[INFORMATION SUPPLIED — start]

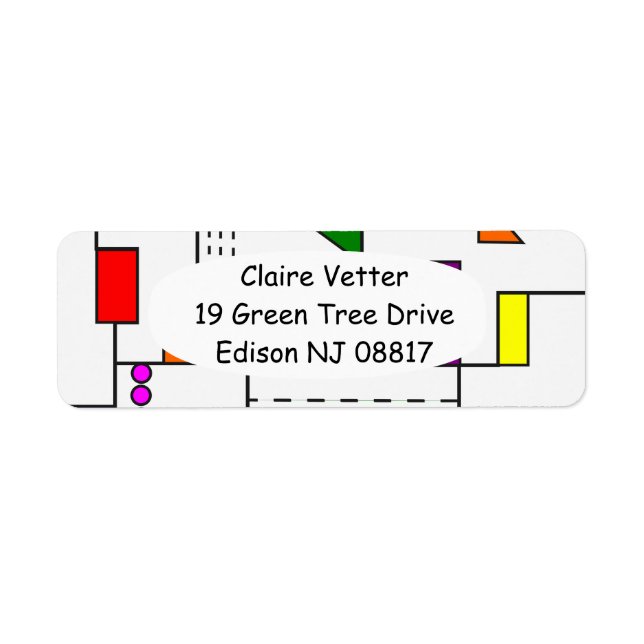 Etiqueta Circuitos Bauhaus (Frente)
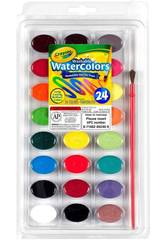 24 Acuarelas Lavables Crayola 528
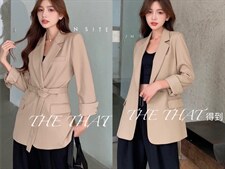 秋款腰带西服外套，其它，得到THETHAT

[INFORMATION SUPPLIED — finish]

▸ **EXERCISE AIM**
Your task is to set down each line above verbatim while excluding the pictures.

▸ **ANSWER BELOW**
 Etiqueta Circuitos Bauhaus (Frente)
 24 Acuarelas Lavables Crayola 528
 秋款腰带西服外套，其它，得到THETHAT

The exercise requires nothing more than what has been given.